:: Dataset content ::

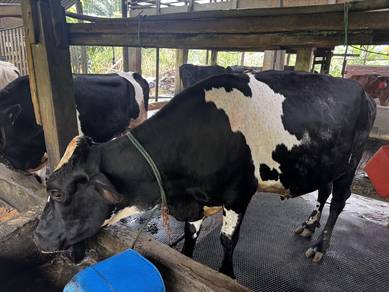 Lembu Susu Bunting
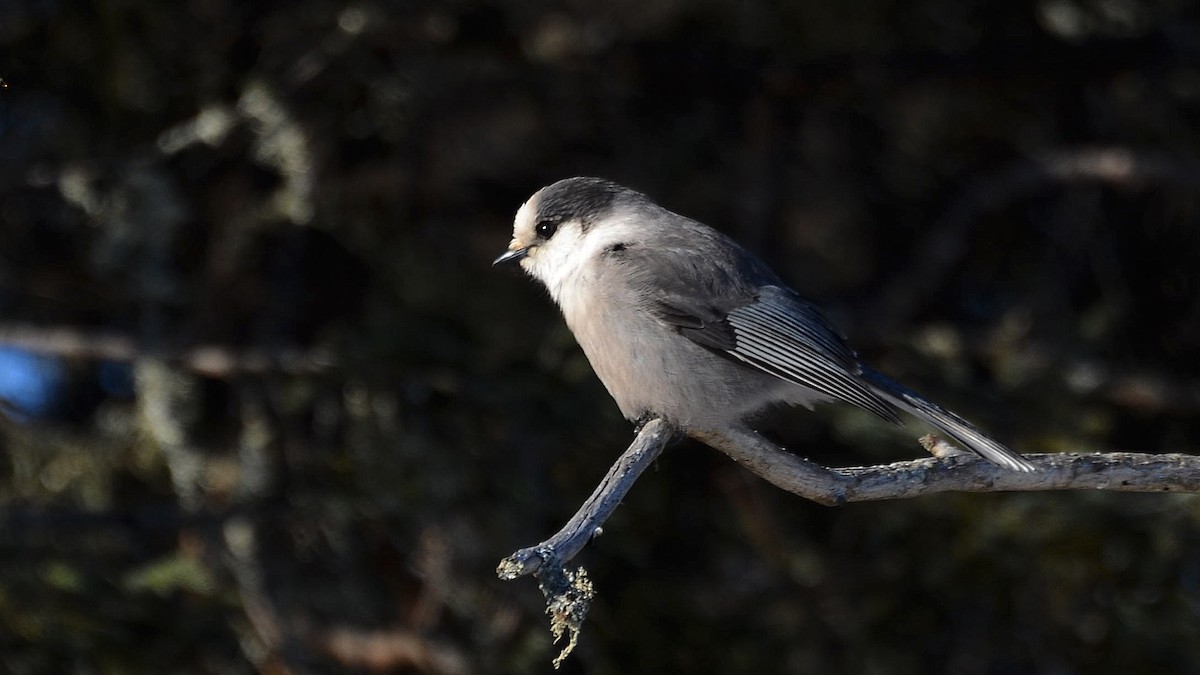 Canada Jay - ML198520471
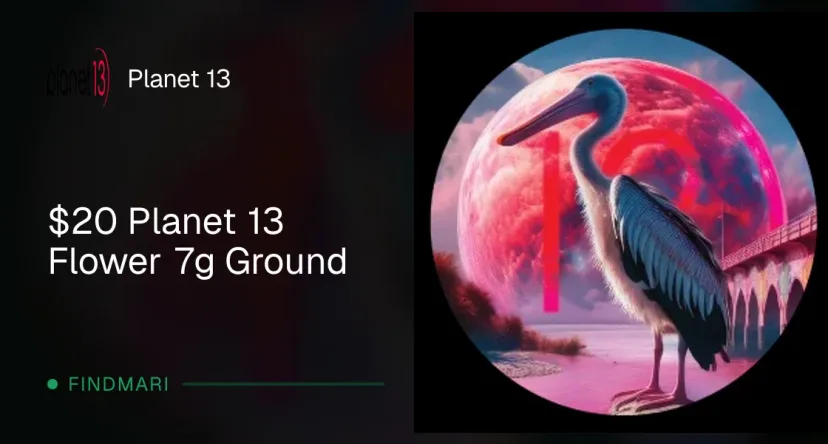 Planet 13: $20 Planet 13 Flower 7g Ground in Florida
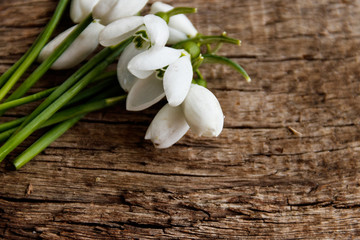 Bouquet of white snowdrops on rustic wooden background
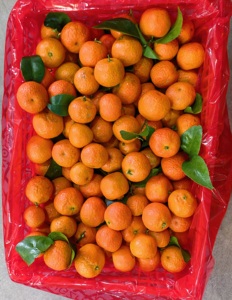 Naranja Shatang Fresca de Nueva Cosecha, Fruta Dulce, Naranja Santang, Naranja Mandarina Fresca - Product Image 4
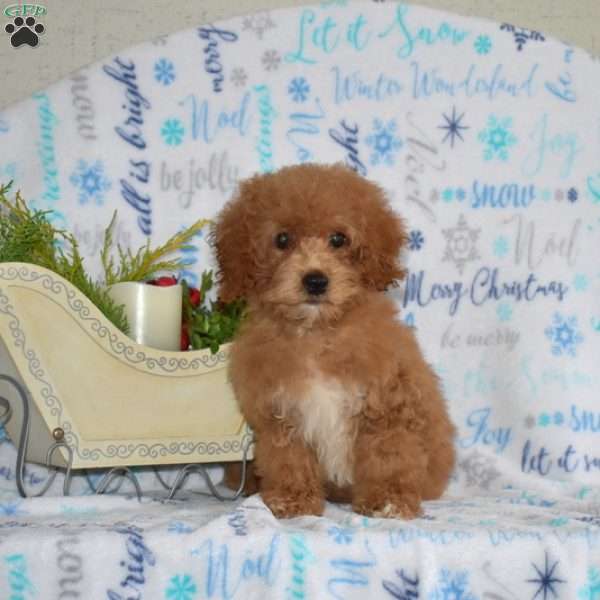 Winnie, Miniature Poodle Puppy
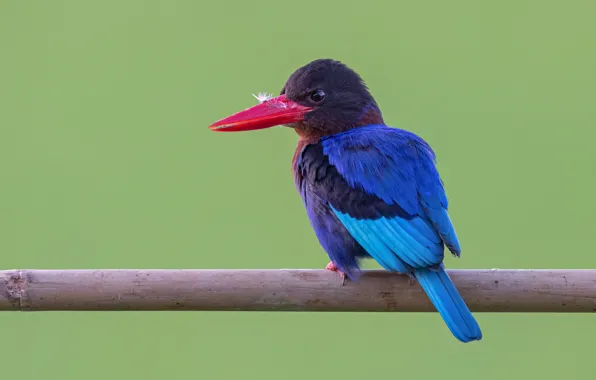 Картинка птица, Alcedo atthis, Обыкновенный зимородок, голубой зимородок, Common Kingfisher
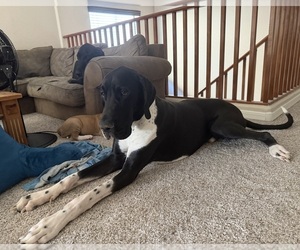 Father of the Great Dane puppies born on 01/12/2026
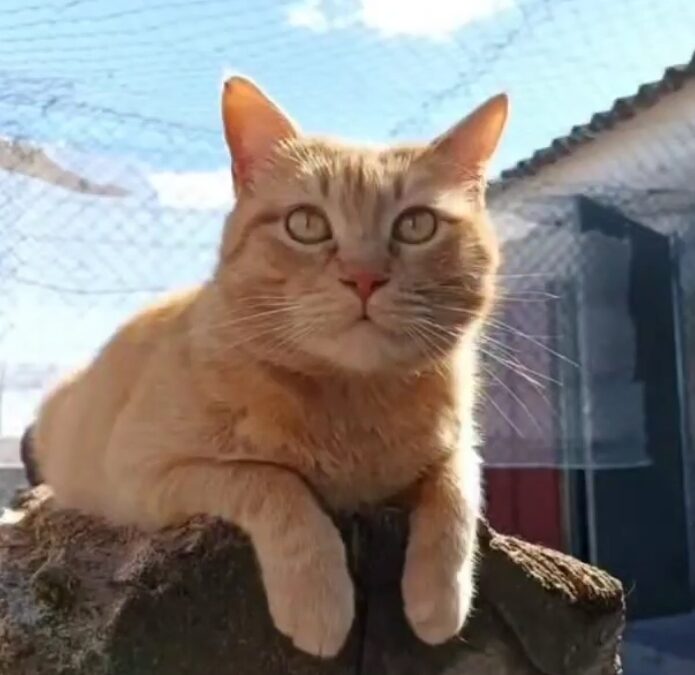 Garfield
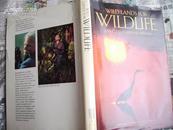 A43153 《WILD LANDS FOR  WILDLIFE AMERICA\'S NATIONAL REFUGES》翻译：美国国家保护区野生地带之野生动物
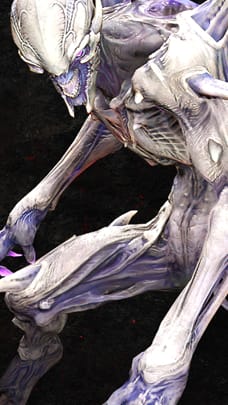DE.TAG.P2.StoneImp 304x540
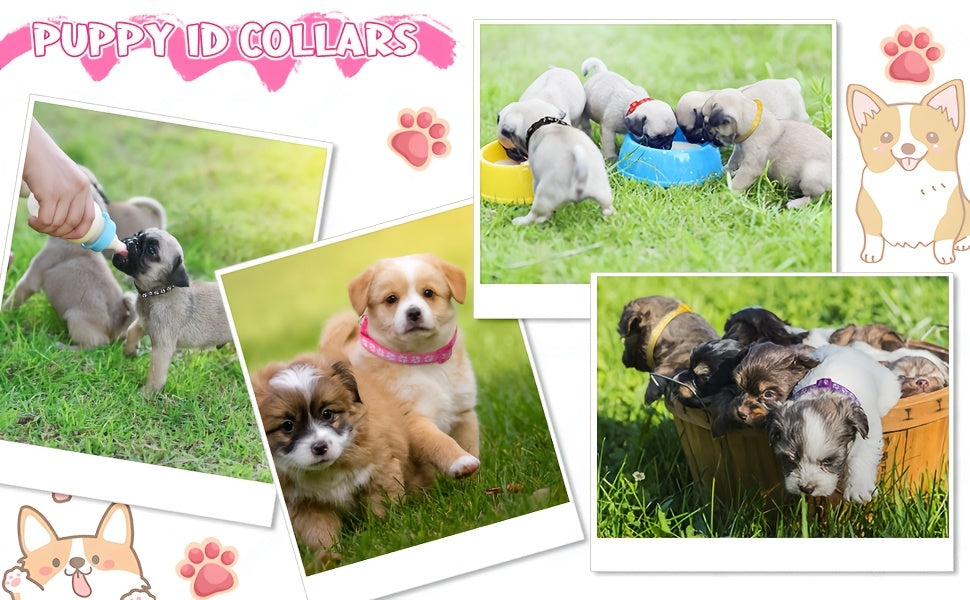 12set Dog Collar and Leash Set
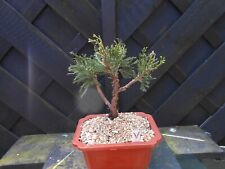 Bonsai juniper years for sale  CANNOCK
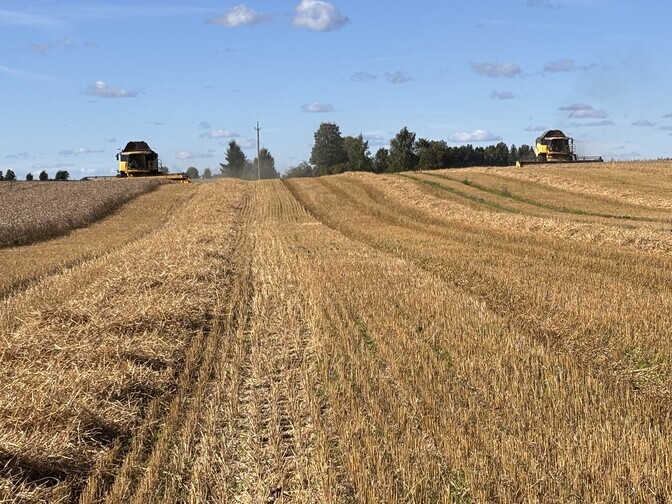 Estonian grain farmers have reason to be happy with the summer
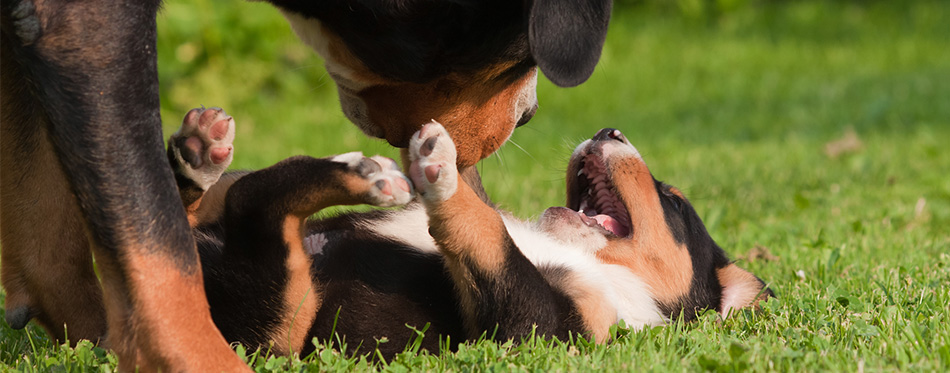 Greater Swiss mountain dog mother and puppy playing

:::

Exercise brief -
Print every entry above again, exactly as written. Leave the images out.

Exercise solution -
 Lembu Susu Bunting
 Canada Jay - ML198520471
 Planet 13: $20 Planet 13 Flower 7g Ground in Florida
 Bouquet of white snowdrops on rustic wooden background
 Naranja Shatang Fresca de Nueva Cosecha, Fruta Dulce, Naranja Santang, Naranja Mandarina Fresca - Product Image 4
 Winnie, Miniature Poodle Puppy
 Картинка птица, Alcedo atthis, Обыкновенный зимородок, голубой зимородок, Common Kingfisher
 Father of the Great Dane puppies born on 01/12/2026
 Garfield
 A43153 《WILD LANDS FOR  WILDLIFE AMERICA\'S NATIONAL REFUGES》翻译：美国国家保护区野生地带之野生动物
DE.TAG.P2.StoneImp 304x540
 12set Dog Collar and Leash Set
 Bonsai juniper years for sale  CANNOCK
 Estonian grain farmers have reason to be happy with the summer
 Greater Swiss mountain dog mother and puppy playing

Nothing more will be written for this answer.